_Task directions_
Verbatim output, no pictures: the lines from the beginning of the material through the line with "Bei dem Foto", both ends kept.

_Entries provided_
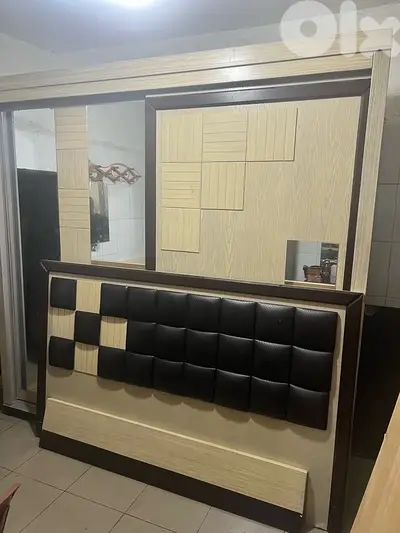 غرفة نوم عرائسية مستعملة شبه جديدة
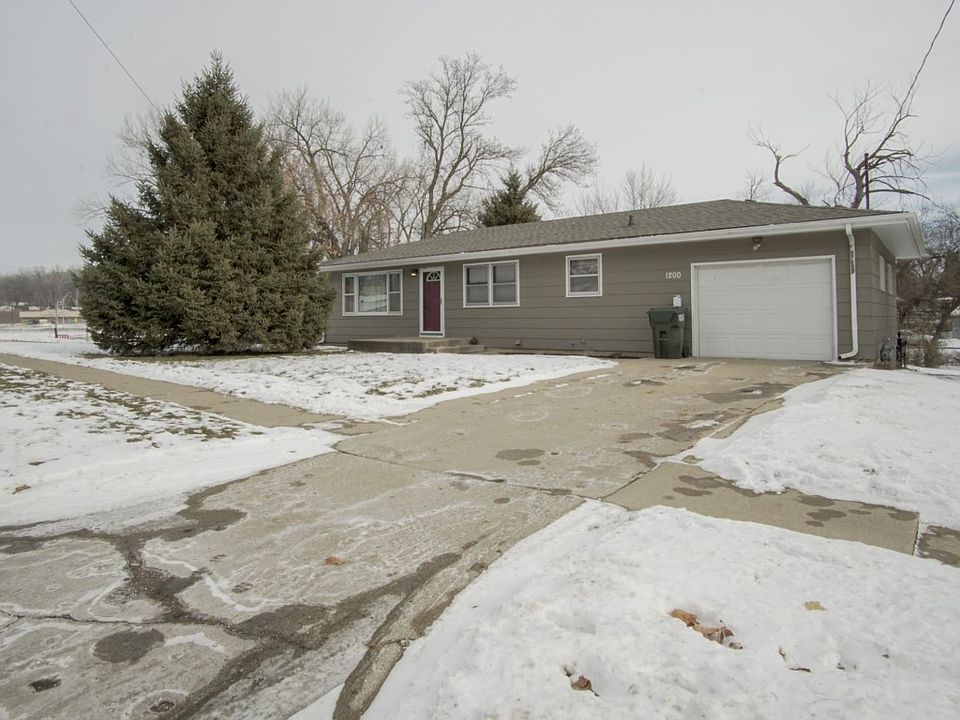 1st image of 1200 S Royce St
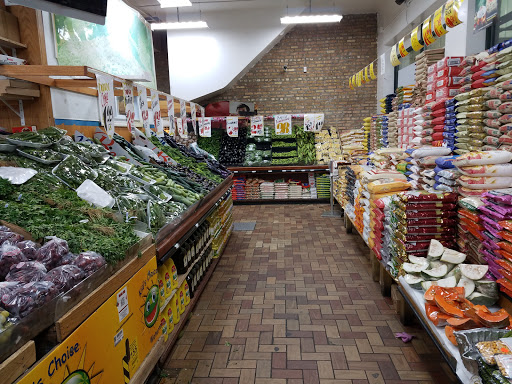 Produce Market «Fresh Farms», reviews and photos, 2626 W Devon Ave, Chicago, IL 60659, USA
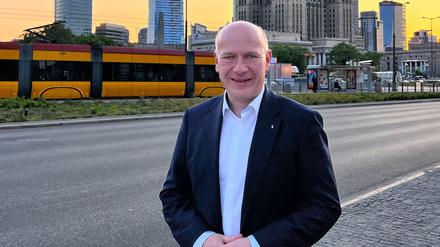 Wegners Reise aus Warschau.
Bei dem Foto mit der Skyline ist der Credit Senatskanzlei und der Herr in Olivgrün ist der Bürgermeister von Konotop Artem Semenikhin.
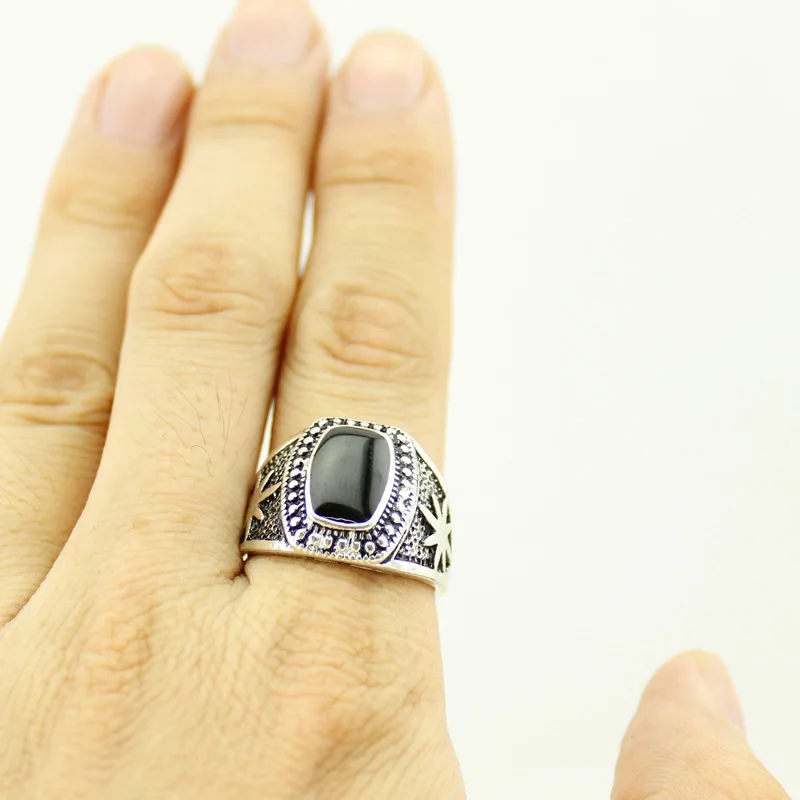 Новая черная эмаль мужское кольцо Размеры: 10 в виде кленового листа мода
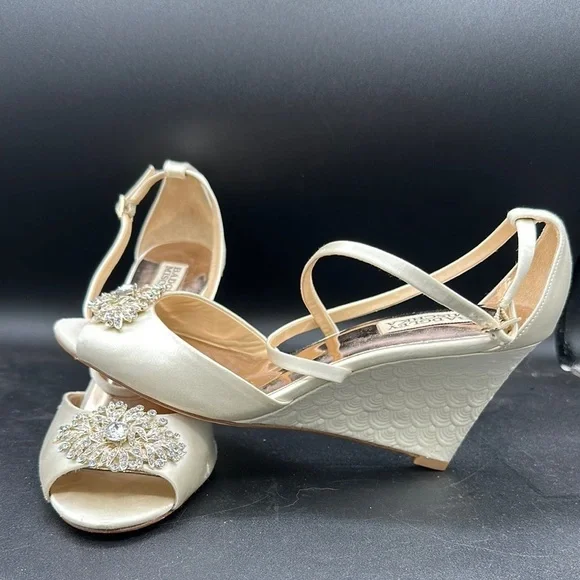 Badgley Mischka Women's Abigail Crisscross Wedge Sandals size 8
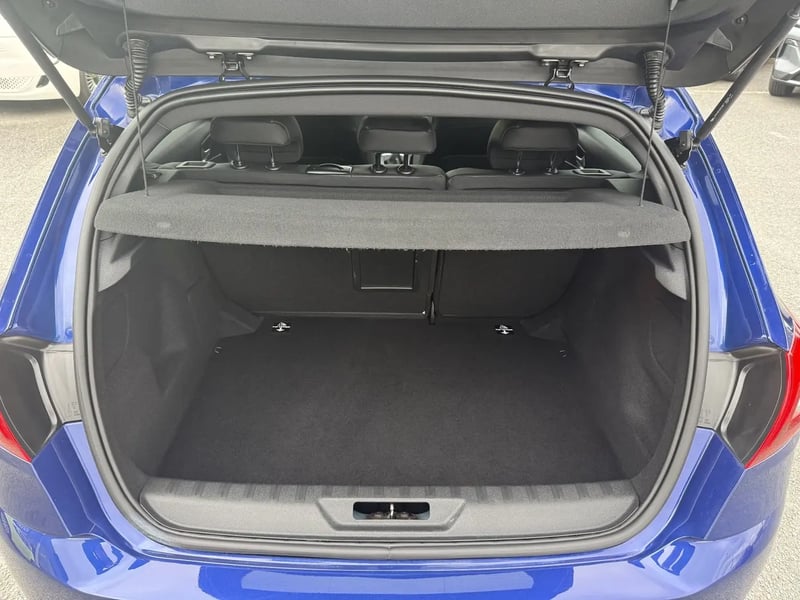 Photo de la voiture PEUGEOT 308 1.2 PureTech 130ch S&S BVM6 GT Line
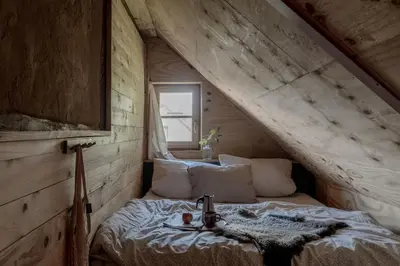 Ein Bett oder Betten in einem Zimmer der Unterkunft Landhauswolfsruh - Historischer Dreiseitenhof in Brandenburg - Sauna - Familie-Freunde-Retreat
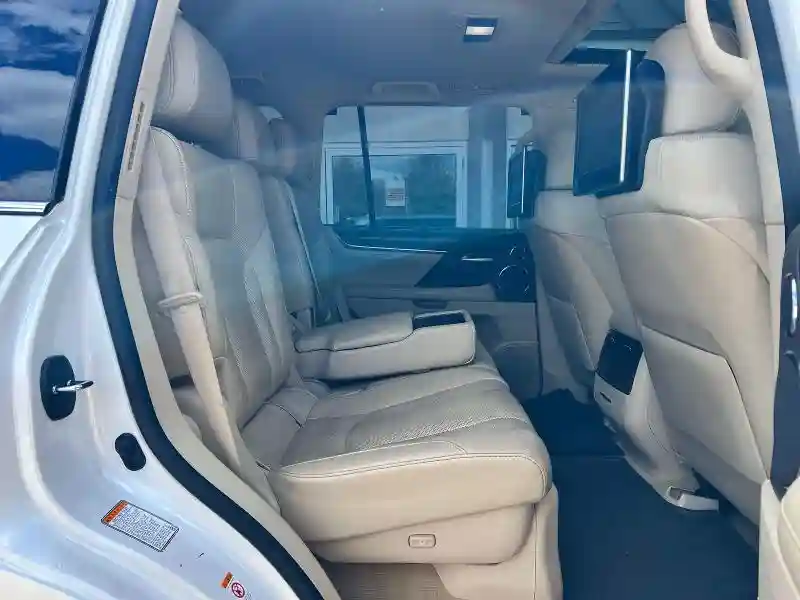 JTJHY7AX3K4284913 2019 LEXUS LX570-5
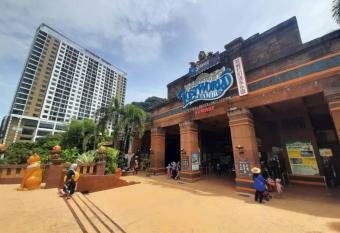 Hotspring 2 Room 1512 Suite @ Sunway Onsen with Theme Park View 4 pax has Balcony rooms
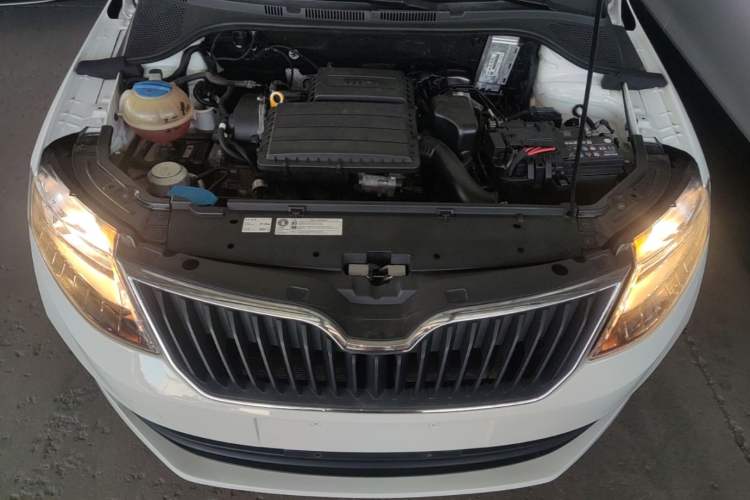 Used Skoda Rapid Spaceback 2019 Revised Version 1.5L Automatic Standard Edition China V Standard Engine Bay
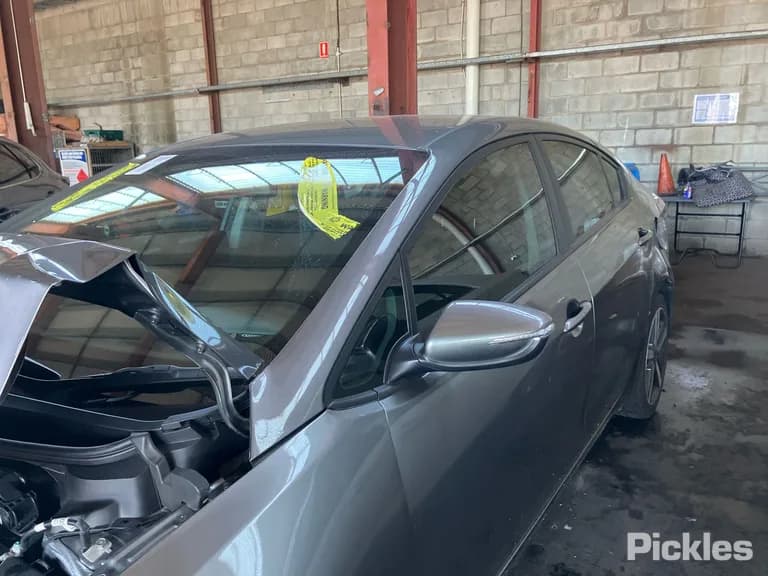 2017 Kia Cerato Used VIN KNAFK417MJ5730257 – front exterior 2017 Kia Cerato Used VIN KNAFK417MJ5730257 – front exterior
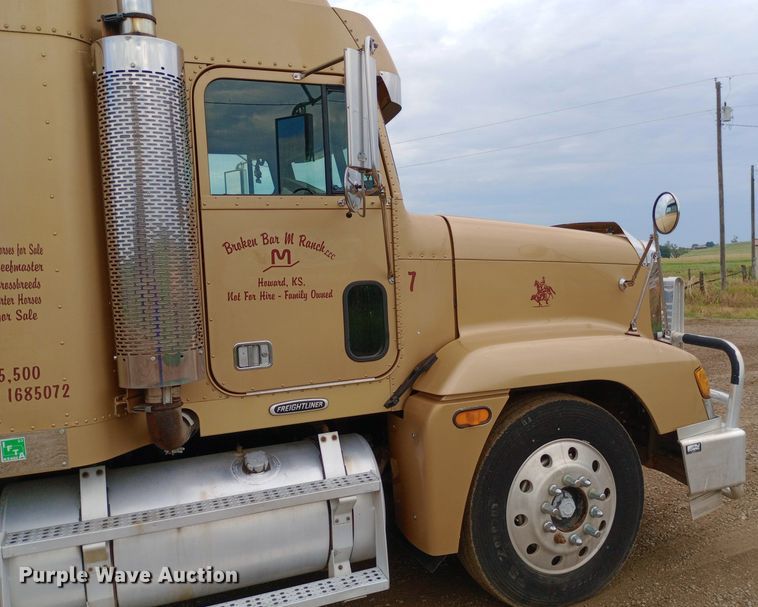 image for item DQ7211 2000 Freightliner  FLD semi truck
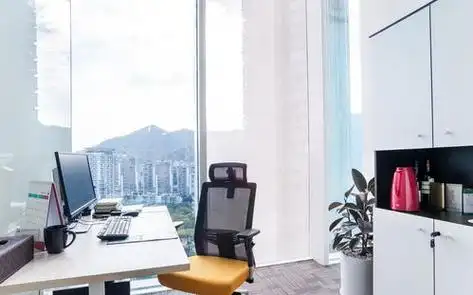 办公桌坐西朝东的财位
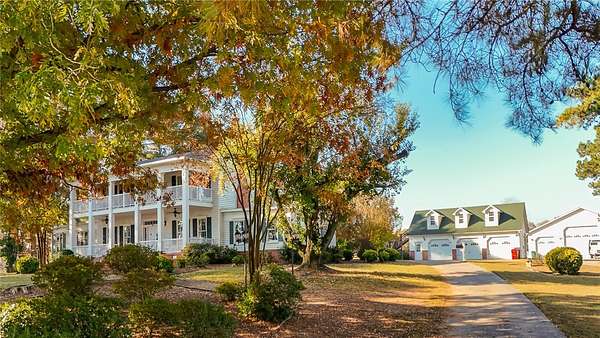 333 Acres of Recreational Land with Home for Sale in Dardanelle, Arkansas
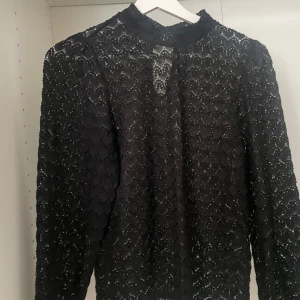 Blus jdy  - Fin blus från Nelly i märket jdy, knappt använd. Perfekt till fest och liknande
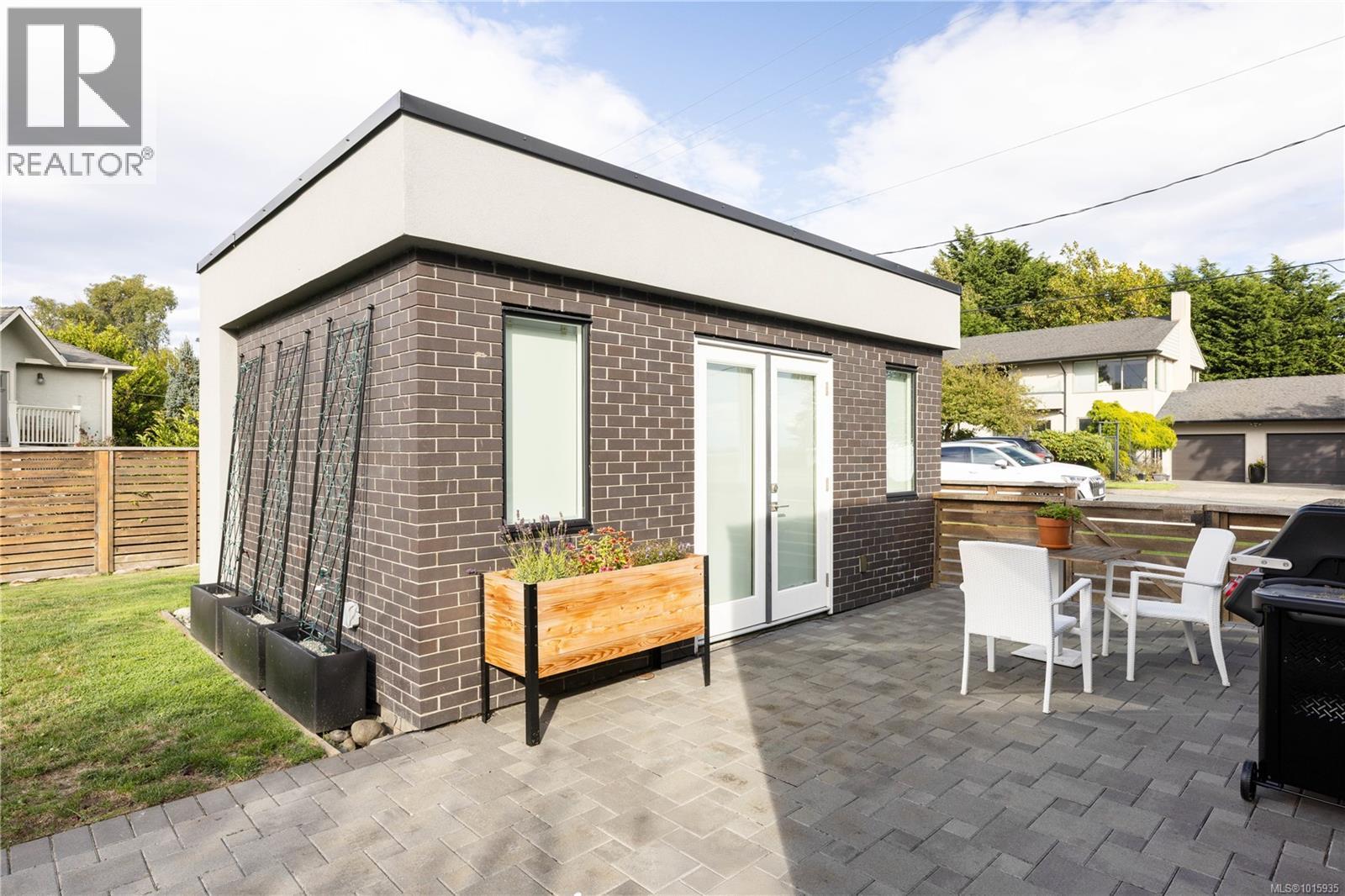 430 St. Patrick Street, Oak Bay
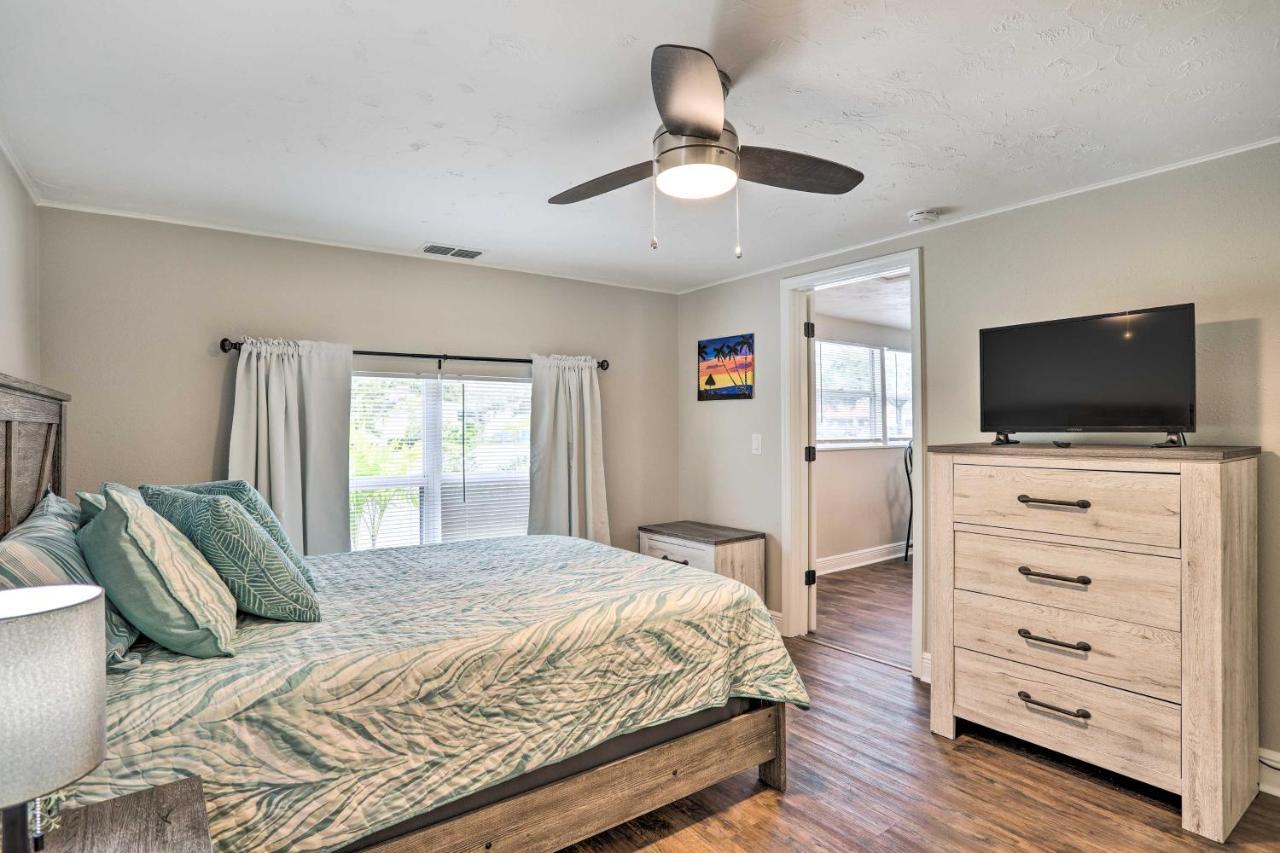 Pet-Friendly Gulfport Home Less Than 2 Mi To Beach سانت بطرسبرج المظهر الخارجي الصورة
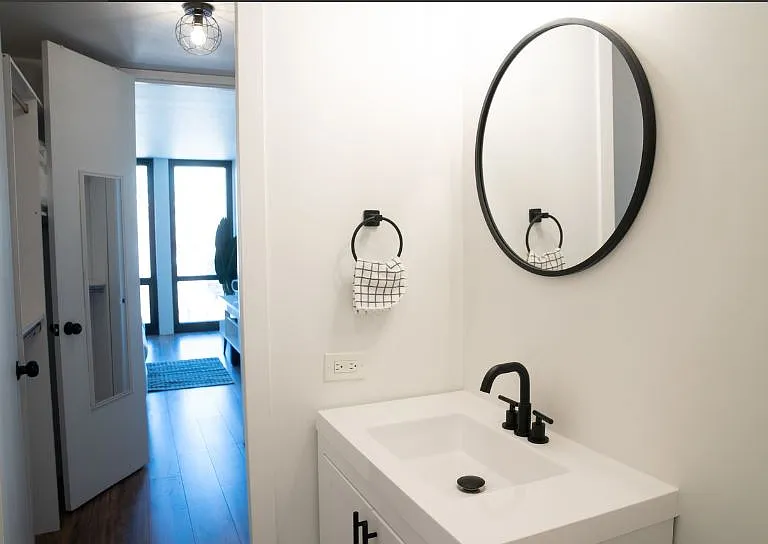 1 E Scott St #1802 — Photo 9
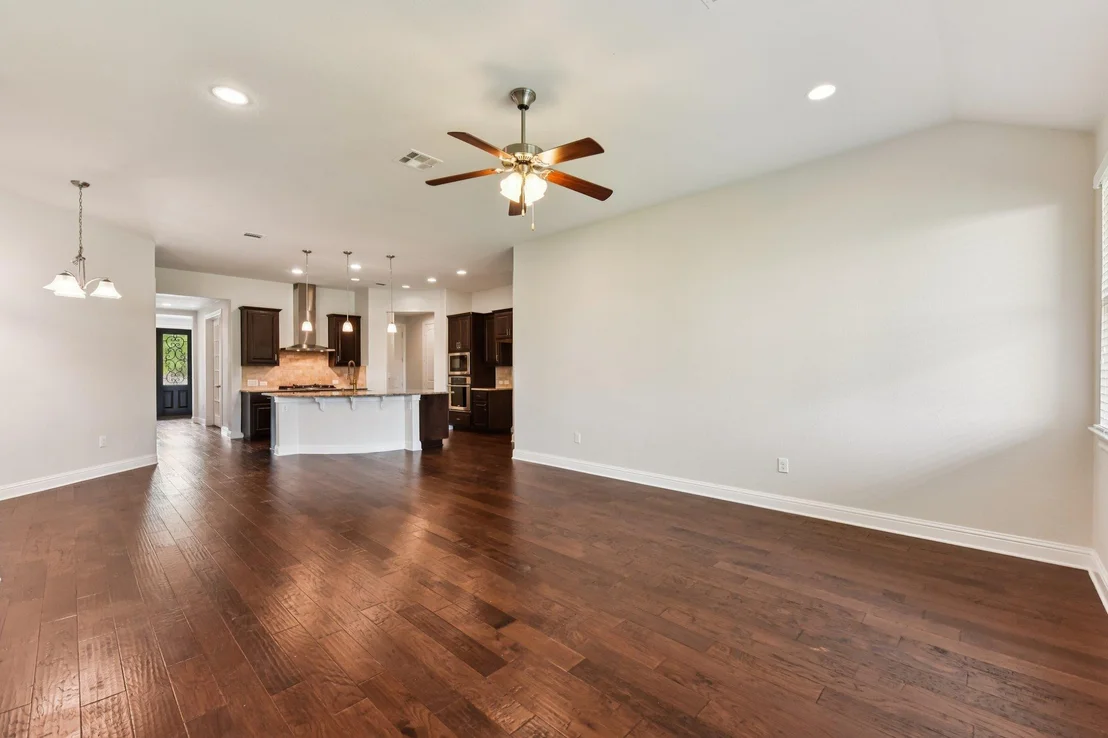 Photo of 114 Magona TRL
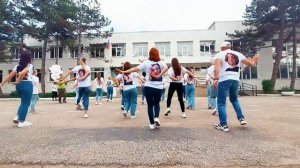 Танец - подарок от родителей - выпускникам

_Task output_
 غرفة نوم عرائسية مستعملة شبه جديدة
 1st image of 1200 S Royce St
 Produce Market «Fresh Farms», reviews and photos, 2626 W Devon Ave, Chicago, IL 60659, USA
 Wegners Reise aus Warschau.
Bei dem Foto mit der Skyline ist der Credit Senatskanzlei und der Herr in Olivgrün ist der Bürgermeister von Konotop Artem Semenikhin.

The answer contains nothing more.